##### DATA SECTION #####

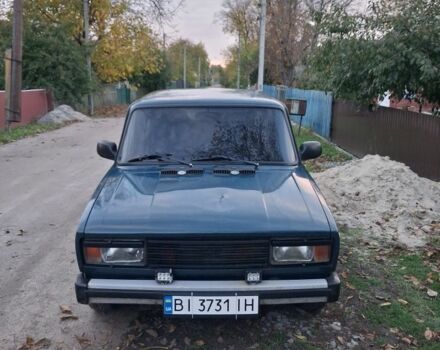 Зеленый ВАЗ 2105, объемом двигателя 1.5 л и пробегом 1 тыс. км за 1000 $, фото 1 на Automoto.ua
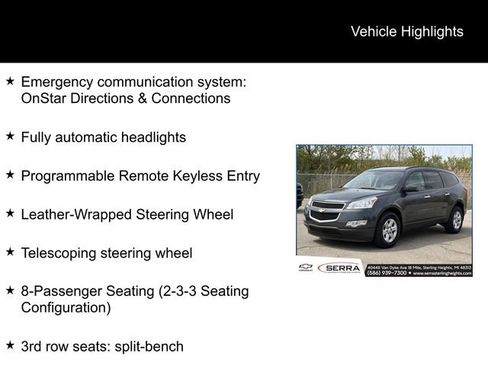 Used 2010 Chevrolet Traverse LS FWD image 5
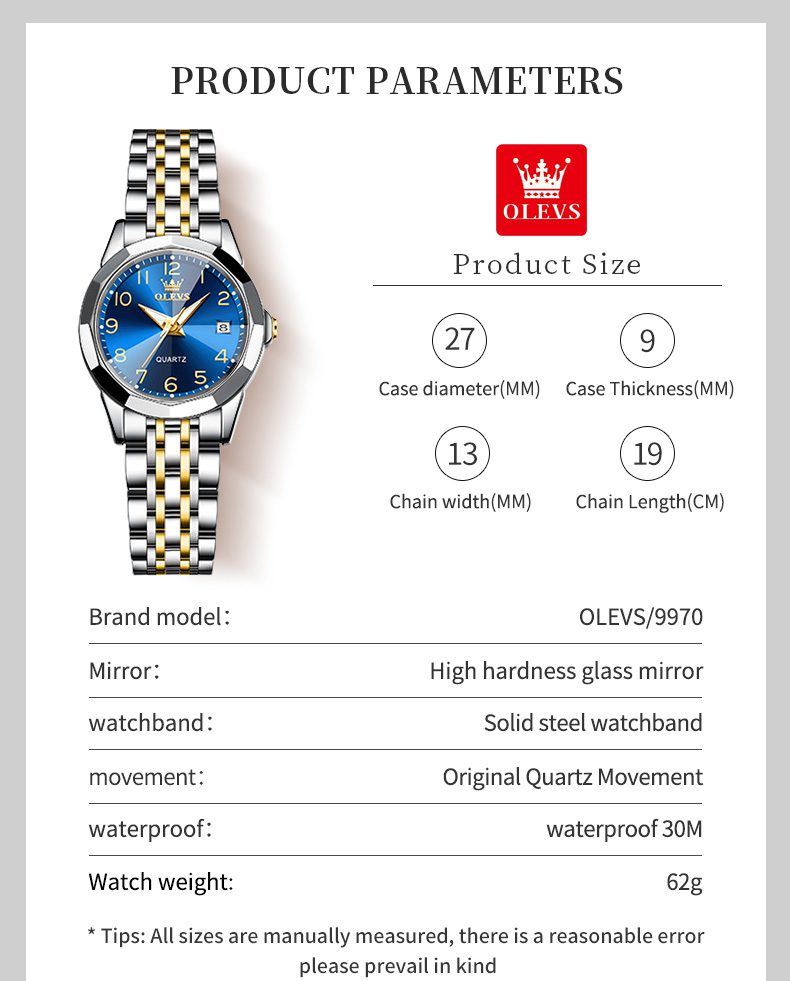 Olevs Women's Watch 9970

#####

Print the data exactly as written, dropping any images it holds.

 Зеленый ВАЗ 2105, объемом двигателя 1.5 л и пробегом 1 тыс. км за 1000 $, фото 1 на Automoto.ua
 Used 2010 Chevrolet Traverse LS FWD image 5
 Olevs Women's Watch 9970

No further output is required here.